--- START ---

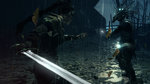 <a href=news_hellblade_new_trailer_and_more-16619_en.html>Hellblade new trailer and more</a> - 4 screens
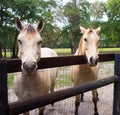 Two blonde horses in a paddock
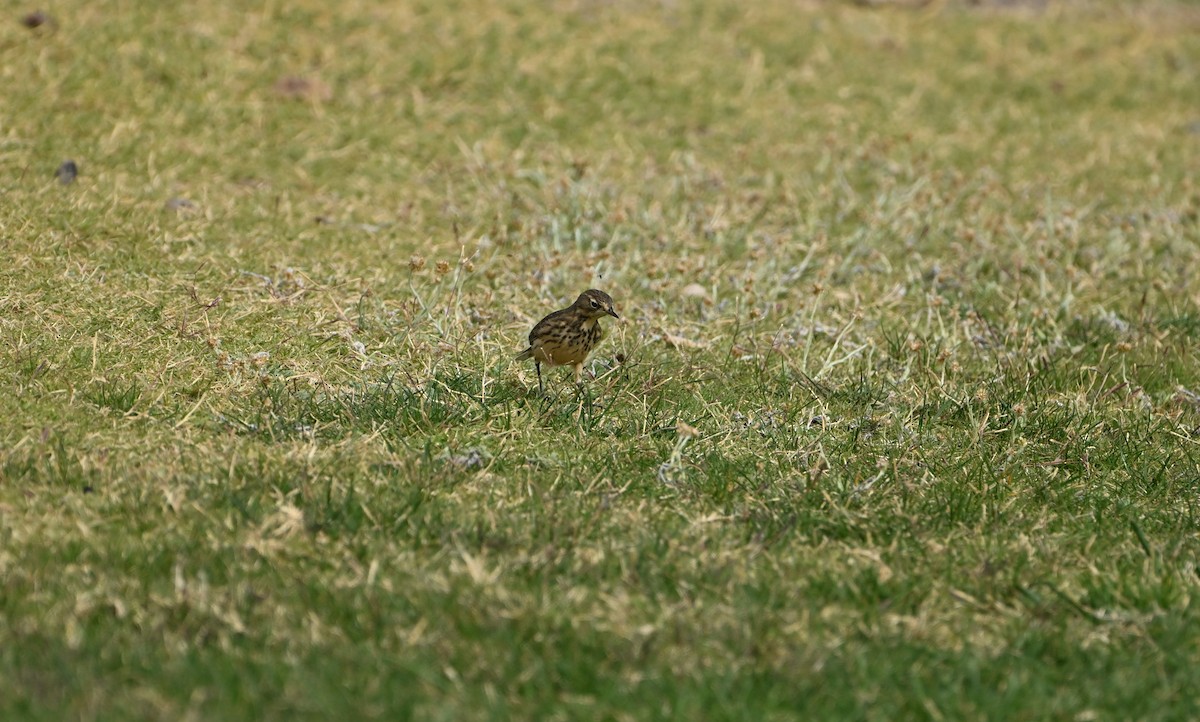 American Pipit - ML625411642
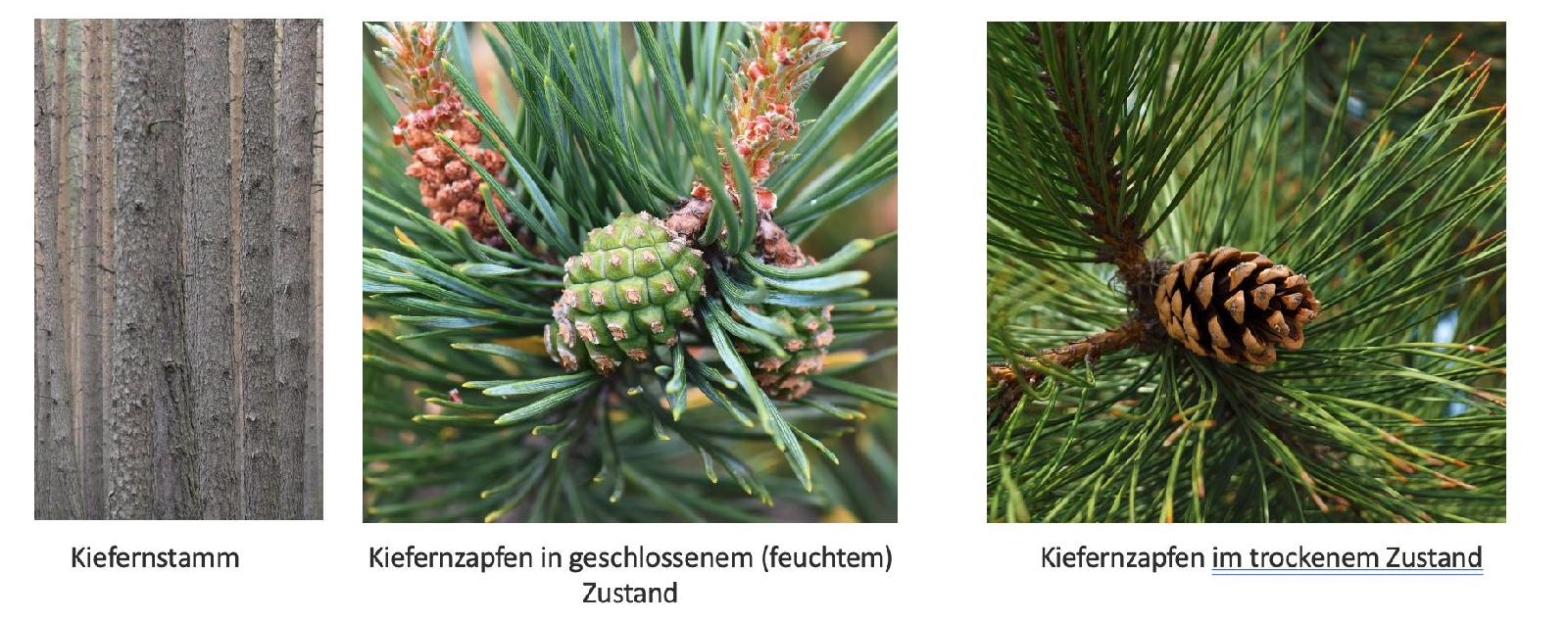 Waldkiefer Übersicht<br>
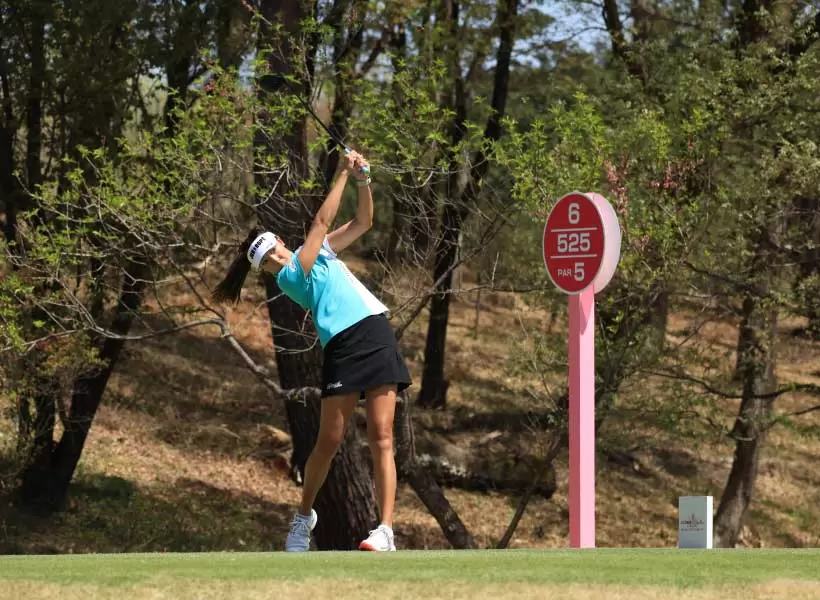 エイミー･コガのドライバースイング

--- END ---

WORK REQUEST => Without the pictures, repeat the line with "Two blonde horses in a paddock" and every line after it to the end of the listing, and nothing else.

TASK OUTPUT =>
 Two blonde horses in a paddock
 American Pipit - ML625411642
 Waldkiefer Übersicht<br>
 エイミー･コガのドライバースイング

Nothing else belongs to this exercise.